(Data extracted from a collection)
-----
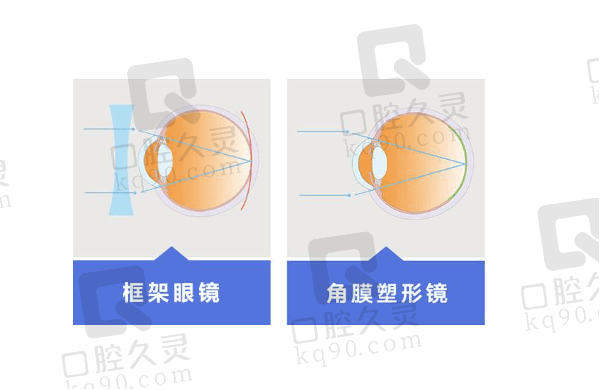 框架眼镜和角膜塑形镜哪个好？从价格方面比比看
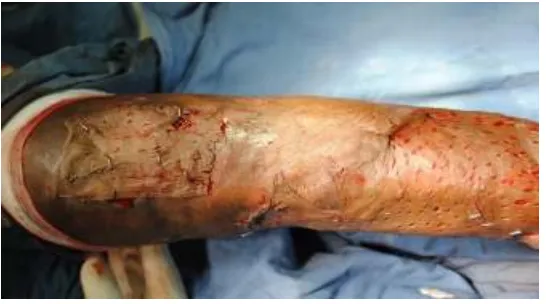 Fig.7 Raw area right leg after surgical debridement 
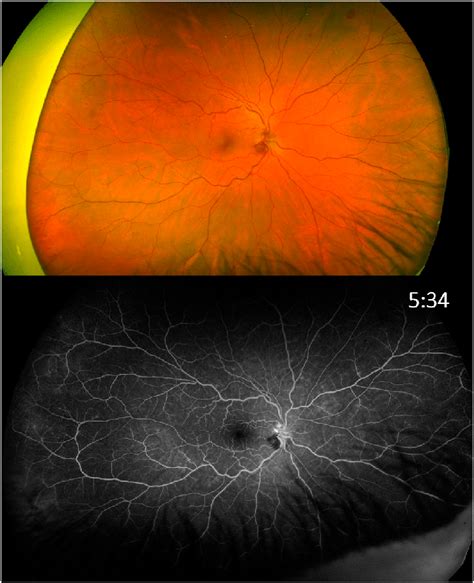 Widefield Color Fundus Photo And Fluorescein Angiography Of The Right
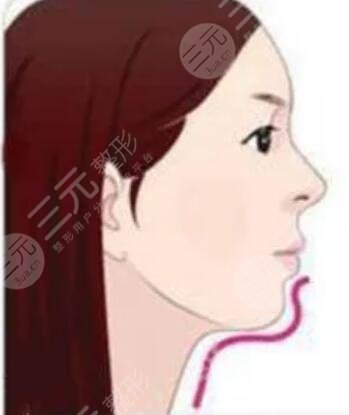 廣州曙光醫(yī)學(xué)美容醫(yī)院,假體墊下巴
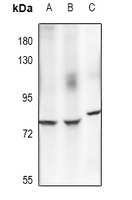 Anti-ECM1 Antibody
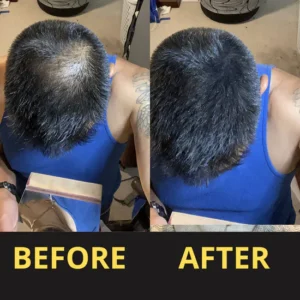 Slimoly™ Hair & Scalp Concealer 50ML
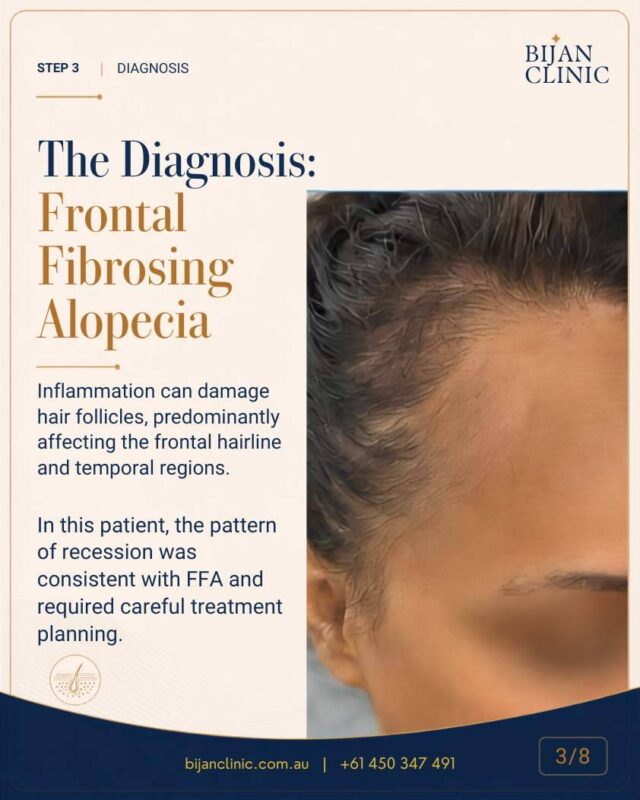 FFA hair transplant planning including donor area and long-term progression
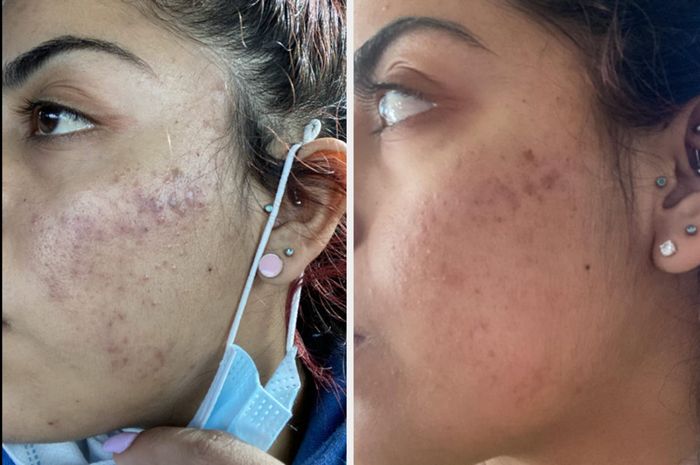 Before and after images showing a reviewer's irritated skin becoming clear and calm after use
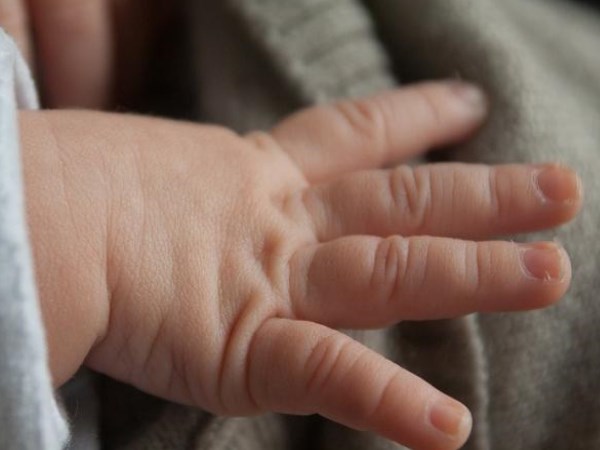 24 हफ्ते के अजन्मे बच्चे में मिली थी रीढ़ की समस्या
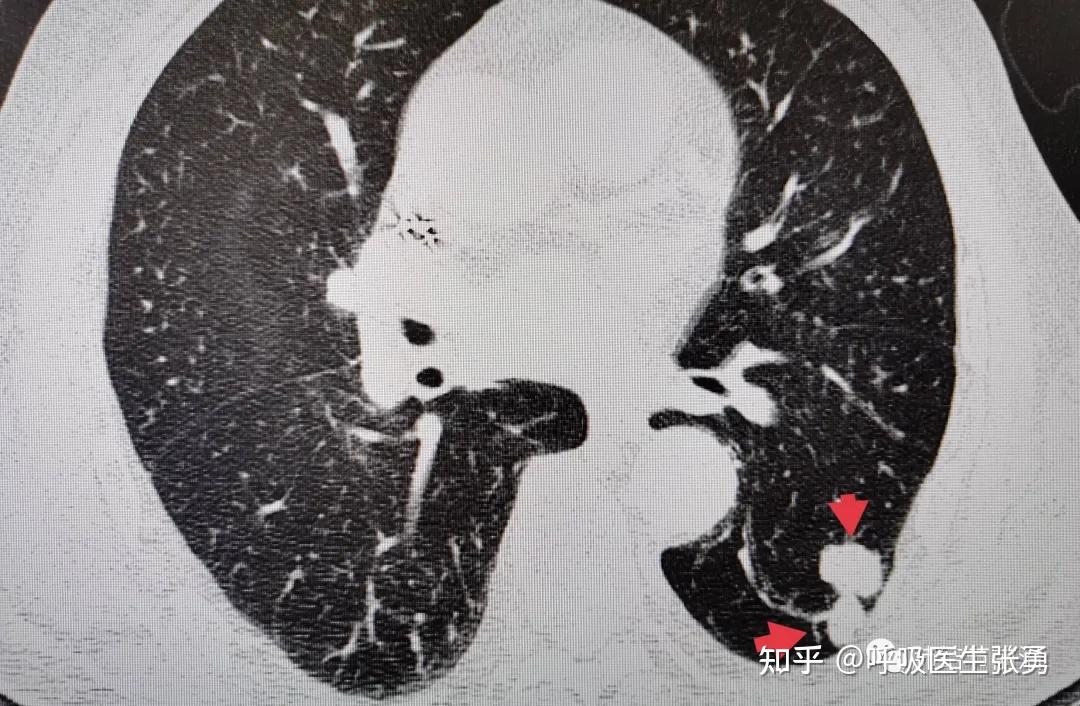 肺癌的肺泡間轉移stas對肺結節臨床處理的指導意義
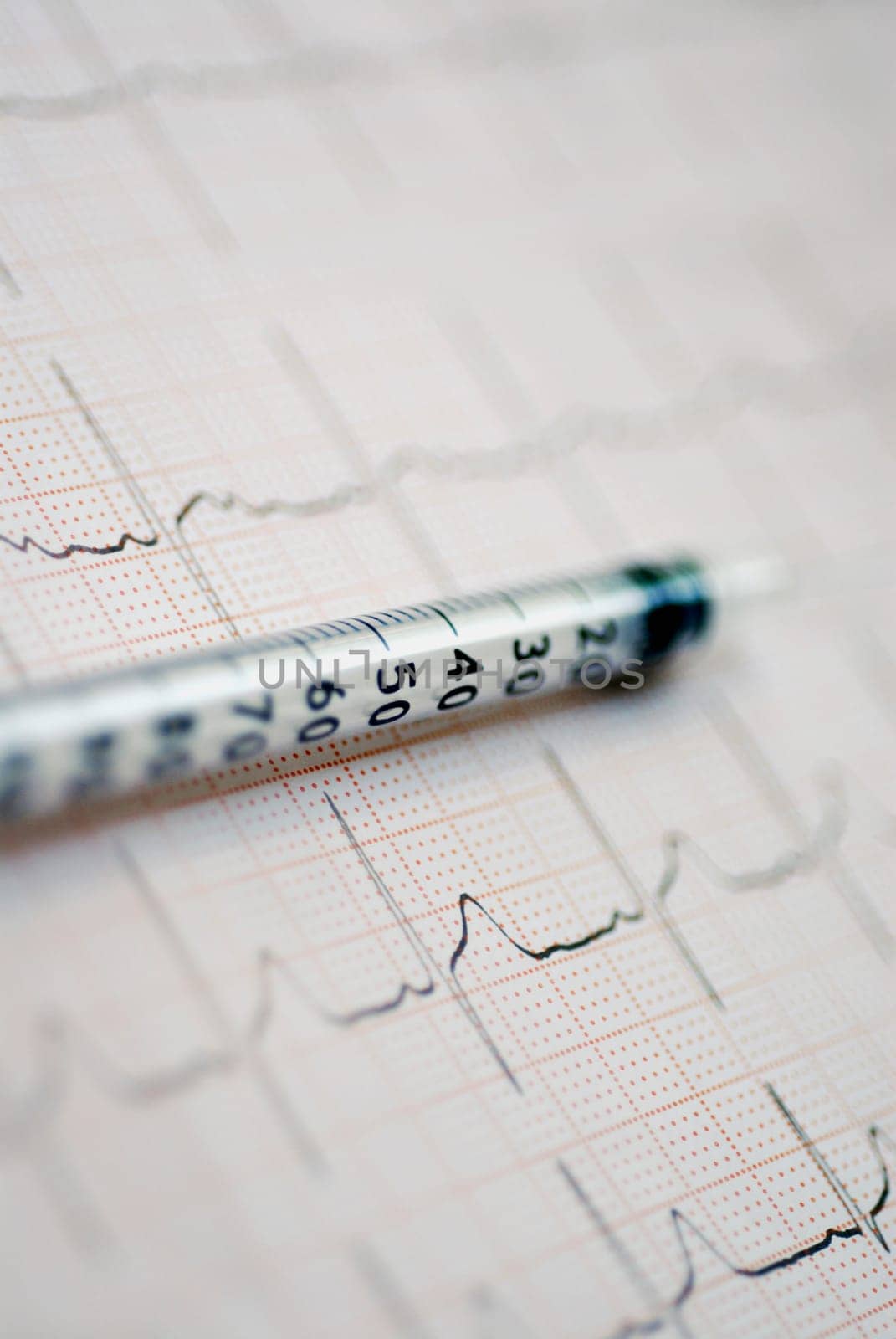 Close-up of an injection on an ECG report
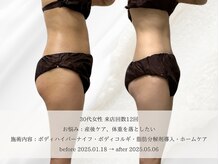 エメ(aimer)/BodyCare《痩身・代謝アップ》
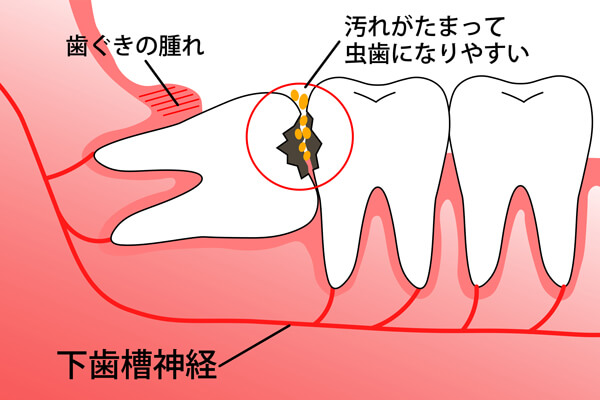 抜いたほうがいい親知らず　イメージ画像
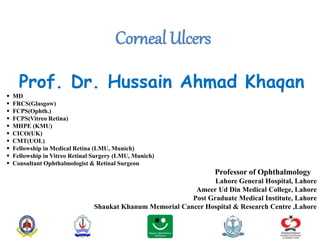 Prof. Dr. Hussain Ahmad Khaqan
 MD
 FRCS(Glasgow)
 FCPS(Ophth.)
 FCPS(Vitreo Retina)
 MHPE (KMU)
 CICO(UK)
 CMT(UOL)
 Fellowship in Medical Retina (LMU, Munich)
 Fellowship in Vitreo Retinal Surgery (LMU, Munich)
 Consultant Ophthalmologist & Retinal Surgeon
Professor of Ophthalmology
Lahore General Hospital, Lahore
Ameer Ud Din Medical College, Lahore
Post Graduate Medical Institute, Lahore
Shaukat Khanum Memorial Cancer Hospital & Research Centre ,Lahore
Corneal Ulcers
 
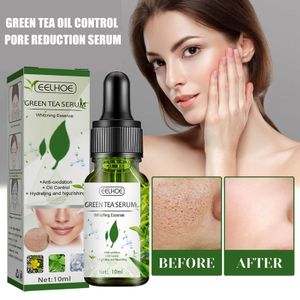 3 x 10 ml Grüntee-Öl zur Kontrolle des Porenschrumpfens des Gesichtsserums Whitening Entfernen Sie dunkle Flecken Verbessern Sie Akne Mitesser Trockene Hautpflege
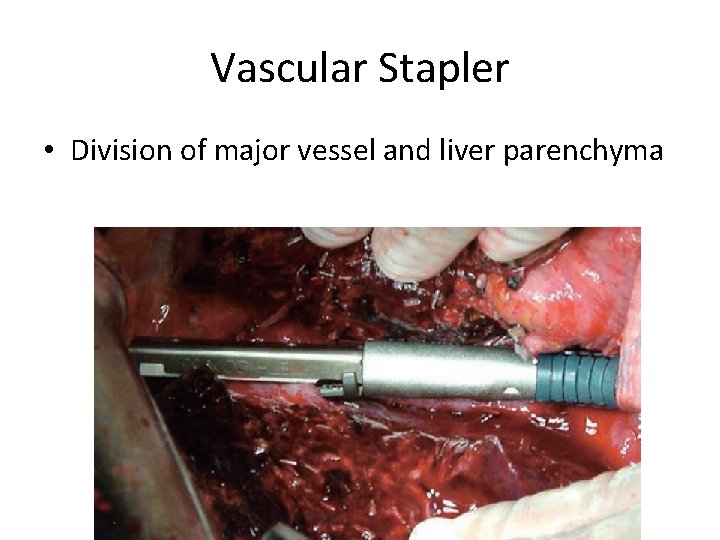 Vascular Stapler • Division of major vessel and liver parenchyma 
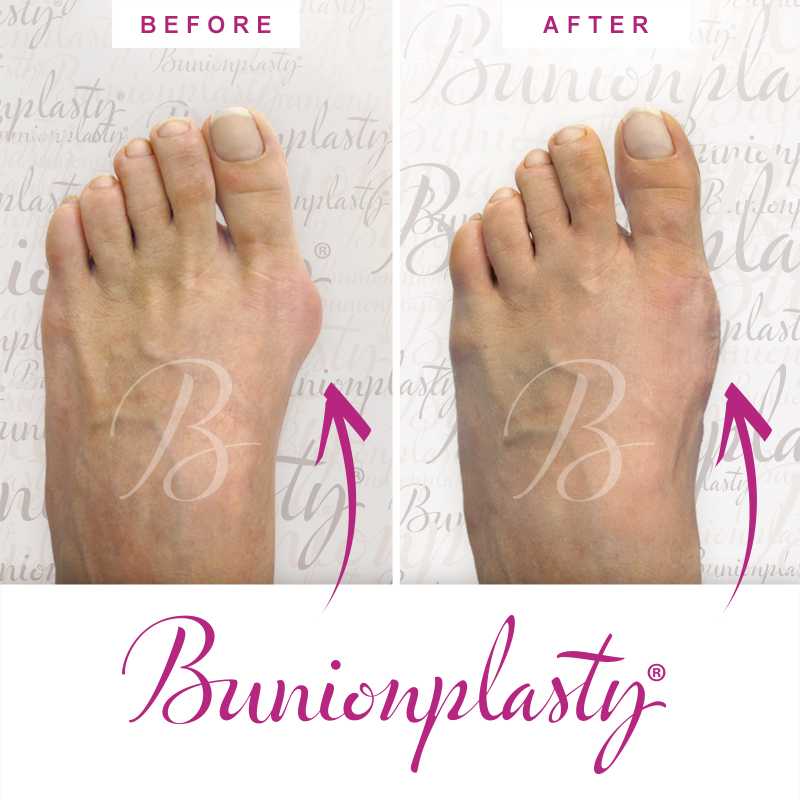 Bunionplasty Before & After Patient 48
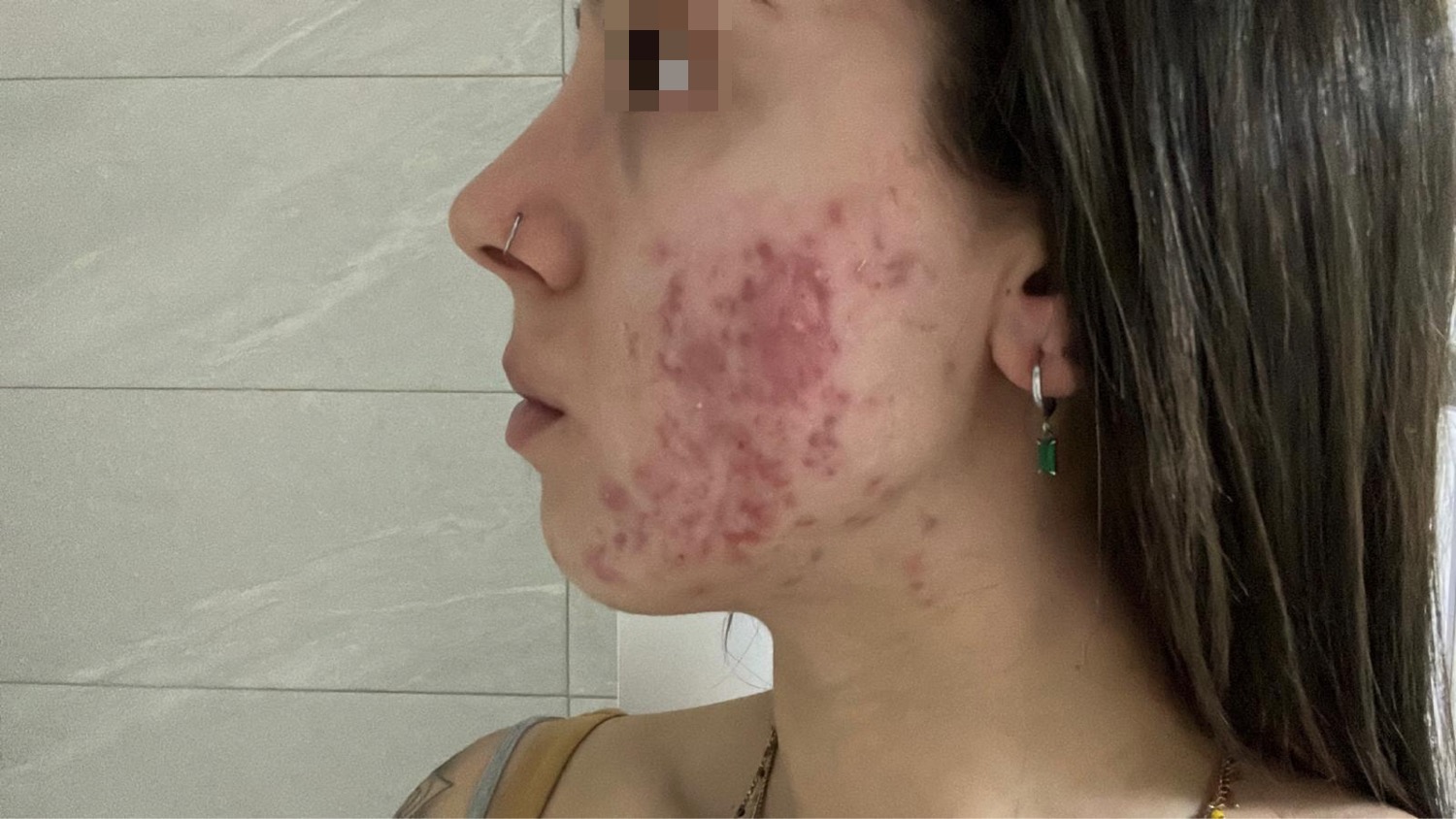acne conglobata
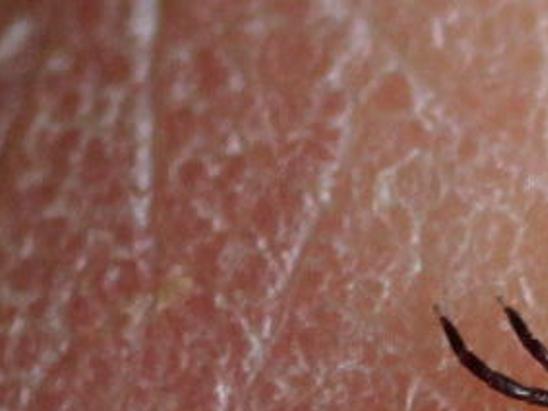 Ask The Weather Guys Is Lyme Disease Connected To The Weather Weather Madison Com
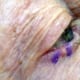 R-lower-eyelid-BCC-845x321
-----
- _Work to complete_
How many of the lines above include the string "Munich"? Reply with the number by itself.

- _Reply_
2